There’s nothing better than a market to take the pulse of a neighborhood. Six of Paris’s nearly 90 food markets are in the 20th (Belgrand, Davout, Mortier, Pyrénées, Réunion and Télégraphe). Five markets on the arrondissement’s edges are also frequented by residents of the 20th (Belleville, Charonne, Cours de Vincennes, Père-Lachaise and Place des Fêtes). They each have their own charm, like most markets in France. But they’re functional markets, catering to the daily needs of the neighborhood’s people. Some markets are more populaire than others, and several are reputed to be among the capital’s cheapest (Belleville, Place des Fêtes and Réunion).

During the week, you’ll see more strollers and canes than marketgoers pulling shopping carts. But on the weekend, people jostle to pass one another.
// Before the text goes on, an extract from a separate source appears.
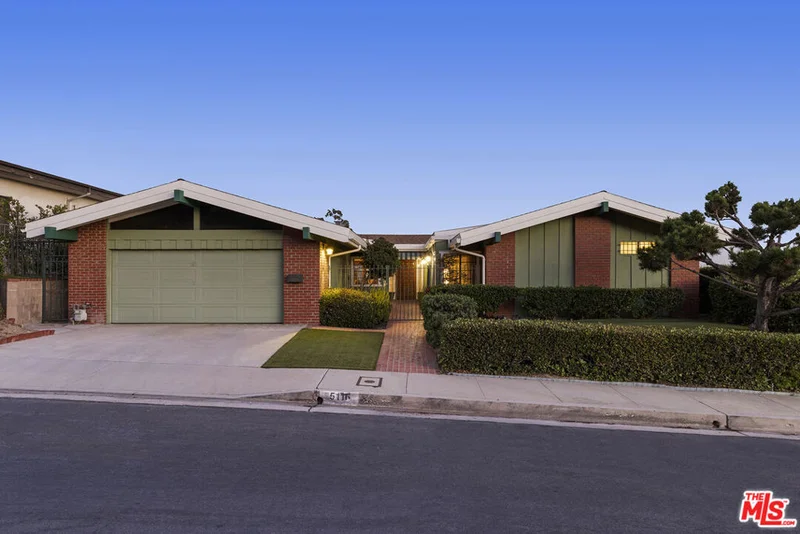 5116 Los Hermosos Way, Los Angeles, CA 90027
Markets on boulevard medians (Belleville, Cours de Vincennes, Charonne and Père-Lachaise) or on places (Réunion and Fêtes), allow vendors to set up on both sides of the sidewalk and give marketgoers more space to eye produce or to find a spot at the end of a line.

Shopping list in hand, I pass rotisserie chickens on spits, glistening whole fish on beds of ice, strong-smelling cheese stands, piles of fresh mint, coriander and parsley, and stalls filled with kitchen supplies, home textiles or clothing. Retailers selling tomatoes and eggplants year-round largely outnumber local or seasonal stands at these markets. Walking a fine line between seduction and aggressiveness, vendors call out to passers-by “Mademoiselle, taste this” and address older men as “jeune homme”. Some offer nearly-expired stocks from Rungis Market and many sell items off at a heavy discount before the market closes. Sometimes I find a good deal, and sometimes I find myself with two kilos of withering mushrooms that I don’t know what to do with.
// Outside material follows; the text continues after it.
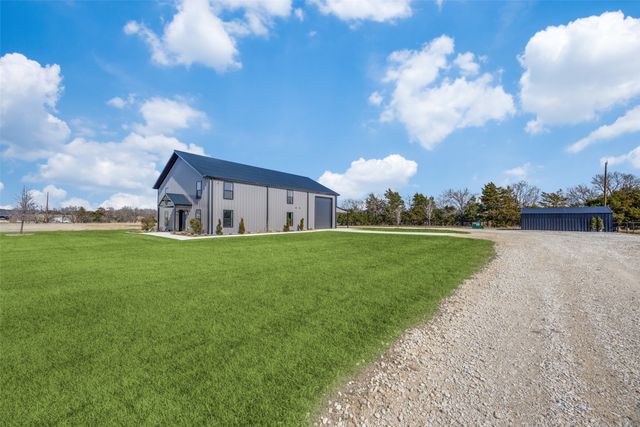 200 Kennedi Drive, Whitesboro, TX 76273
Like other market regulars, I have my usual stalls and preferred vendors. Over time, a relationship of trust develops, with the vendor knowing the customer’s needs, and the customer trusting the vendor’s prices, products or advice. We chat as they prepare my order, and I pack up my purchases. As we say our “see you next week”s, and he hands me my change, my favorite greengrocer always proposes that I “prends une petite herbe” (take a bundle of mint, coriander or parsley) as I leave.

On the market’s edges, political campaigners distribute flyers, and street hawkers sell flower bouquets from plastic buckets and set out garlic bulbs on wooden crates. Neighborhood retirees gather on nearby benches to chat. Sometimes an organ grinder or a brass band makes an appearance, adding a festive note.

The most convivial markets are close to one or more cafés where you can gather your strength before shopping, or rest your feet and bags after. Depending on my mood, I sit alone, perusing the café’s copy of Le Parisien or people-watching from the terrasse. Or I meet up with friends or neighbors, starting with coffee and then moving on to a little apératif, snacking on some market purchases before heading home to unpack my shopping bags.